A look at new data from two reports suggests that many aging baby boomer parents are having trouble paying back federal student loans taken out to send their children or even grandchildren to college.
As a result, many adults age 50 and older who had the best intentions of taking on the college tuition burden for family members have jeopardized their retirement nest eggs. Add credit card debt and mortgage payments to the credit list and the unintended consequences could be severe.
Instead of light work and leisure time, many older adults may be dealing with damaged credit ratings and lower monthly Social Security benefits checks as the government deducts an amount off the top to recoup some of the balance owed on federal PLUS loans to parents.
In some cases, the road may lead to personal bankruptcy, although keep in mind student loan debt generally cannot be discharged in the courts.

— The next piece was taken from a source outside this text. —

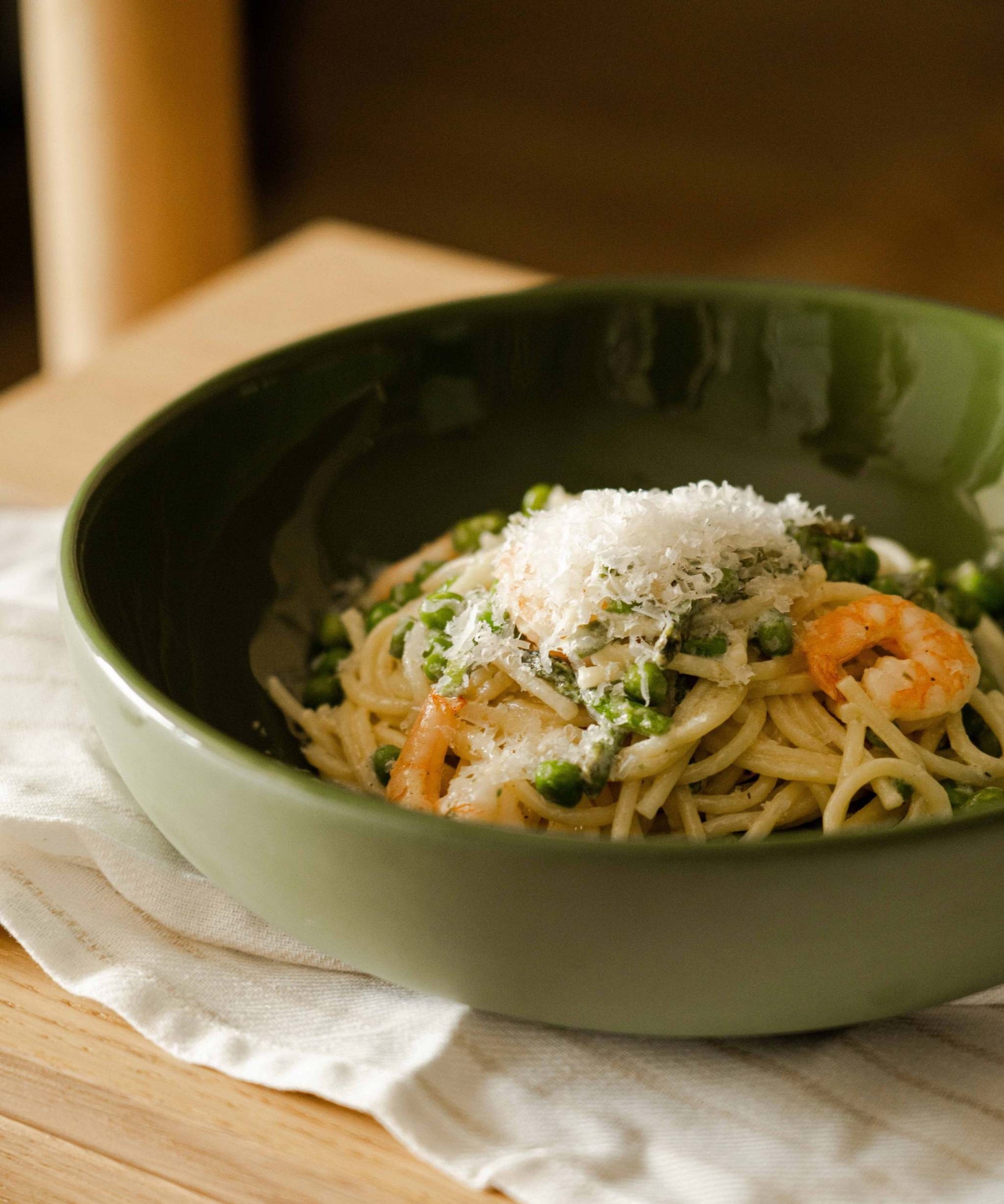 Handgemachte Porzellan-Pastaschale. Grün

What’s clear from the data, however, is that increasingly student loan debt is not just a young person’s problem.
According to data from the Federal Reserve Bank of New York’s latest report on household debt covering the second quarter of 2014, the number of Americans age 50 and older with outstanding student loans had almost tripled to 2 million since 2005.

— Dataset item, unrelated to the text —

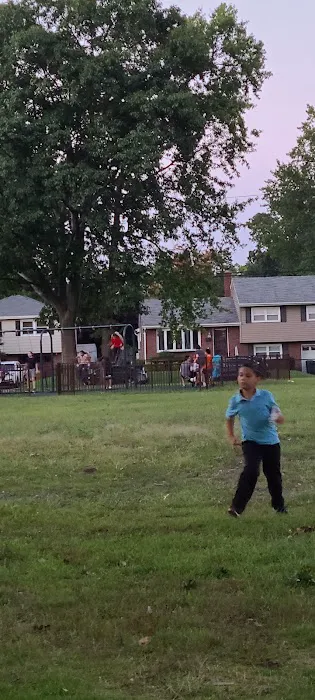 Elmwood Drive Park Picture 2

The report also said the debt among older people is up substantially to $43 billion through the second quarter from $8 billion in 2005.
The debt, which is a small percentage of the more than $1 trillion in student loan debt outstanding, was either from long-ago loans taken out by people to finance their own educations or more recently to pay for college degrees for their children or grandchildren.
The Government Accountability Office also released a report in September that looked at the impact of student loan debt on older Americans. It relied on slightly different data than the New York Fed.
The GAO report said that 27 percent of the outstanding balances on federal loans were held by adults ages 50 to 64 who financed college for their children. The remaining 73 percent of the outstanding balances financed the borrower’s own education.
But taken together, the default rate among borrowers in this age group who had missed payments was 19 percent versus 12 percent for those ages 25 to 49.
In addition, 27 percent of loans held by those ages 65 to 74 were in default, and more than half of the student loans held by borrowers 75 or older were in trouble, the GAO said. The data did not break out the purpose for the borrowing.
What’s the message for parents?
It’s natural to want to shoulder some of the college debt load for your student. But don’t put your retirement savings at risk either, experts say.
Compared to college grads in their 20s and 30s, older borrowers have less time to pay back loans if they get behind.
It’s like the flight attendant telling you to put your own oxygen mask on first before tending to the kids.
Before taking out a college loan, consider the “what if” scenarios and have a plan in mind for how long you’ll take to repay the debt. Mark Kantrowitz, the publisher of the Edvisors.com higher education webiste, offered this formula: “Parents should borrow no more for all their children than they can afford to repay in 10 years, or by the time they retire, whichever comes first.”